As shown in fig. 1, the plate cylinder portion 30 has a plate cylinder 31, a nip 32, and a cartridge accommodating portion 33. In addition, as shown in fig. 2, the plate cylinder section 30 has a first ink setting sensor 35, a second ink setting sensor 36, and a camera communication module 37.

The plate cylinder 31 is cylindrical and has a central axis parallel to the width direction of the master 210 and the sheet P (direction perpendicular to the paper surface of fig. 1). The master 210 thermally perforated by the thermal head 22 of the plate making section 20 can be wound around the outer peripheral surface of the plate cylinder 31. Further, a large number of holes through which ink oozes are formed in the outer peripheral surface of the plate cylinder 31.

The clamp 32 includes a clamp plate that clamps the front end of the reticle 210, a seesaw that performs a releasing operation for releasing the reticle 210 fixed by the clamp plate from a fixed state, and the like.

The cartridge accommodating portion 33 is a cylindrical hollow portion provided in the plate cylinder 31. The cartridge accommodating section 33 is an example of an accommodating section that detachably accommodates the ink cartridge 100 (consumable).

Fig. 3 is a perspective view showing the ink cartridge 100.

Fig. 4 is an explanatory diagram for explaining the imaging communication module 37.

Fig. 5 is a V-V sectional view of fig. 4 with the ink cartridge 100 omitted.

As shown in fig. 3, the ink cartridge 100 includes an ink bottle 110 having a cylindrical shape and containing ink, and a non-contact IC120 provided at one end of the ink bottle 110.
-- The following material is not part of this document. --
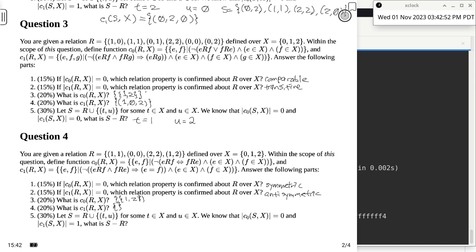For C1: is R antisymmetric? We have no evidence that it is not antisymmetric, so C1 is an empty set. For part 5: we want to add one single two-tuple (T,U) to R so that the result S is symmetric and not antisymmetric. The answer is T=2, U=1. The ordering is important — we cannot add (1,2) because it is already in R. So T=2 and U=1.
A rib 111 is provided on the outer peripheral surface of the ink bottle 110, and the rib 111 is an example of a protruding portion protruding from the outer peripheral surface of the ink bottle 110. Further, a supply port 112 for supplying ink to the printing apparatus 1 is provided at one end of the ink bottle 110 where the non-contact IC120 is provided.
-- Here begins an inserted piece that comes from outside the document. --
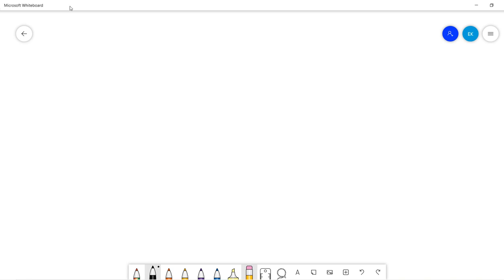Welcome, guys. In this video, we are trying to quickly introduce the Levi-Civita connection.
The non-contact IC120 can be made identical to the non-contact IC220 of the master unit 200. As shown in fig. 2, the noncontact ICs 120 and 220 have memories 121 and 221 and processing sections 122 and 222. Note that a trademark (a mark image) such as ″) a ═ a ″, shown in fig. 3, may be attached to the non-contact ICs 120 and 220, and authentication, which will be described later, may be performed by capturing only a part of the non-contact ICs 120 and 220 including the trademark.

Although an example is shown, the memories 121 and 221 store an ID (consumable storage information) for uniquely identifying the ink cartridge 100 or the master unit 200, attribute data of the ink cartridge 100 (ink) or the master unit 200 (master 210), a second password (an example of second collation information) generated based on the ID, and an image password (an example of fourth collation information) generated based on image information of the non-contact ICs 120 and 220. The attribute data of the ink cartridge 100 is, for example, ink color information, ink solvent type information, ink remaining amount information, and the like, and the attribute data of the master unit 200 is, for example, material, model, master remaining amount information, and the like.

Further, it is preferable that the memories 121 and 221 store setting information of the printing apparatus 1, destination information indicating an area where the ink cartridge 100 or the master unit 200 is used, and the like.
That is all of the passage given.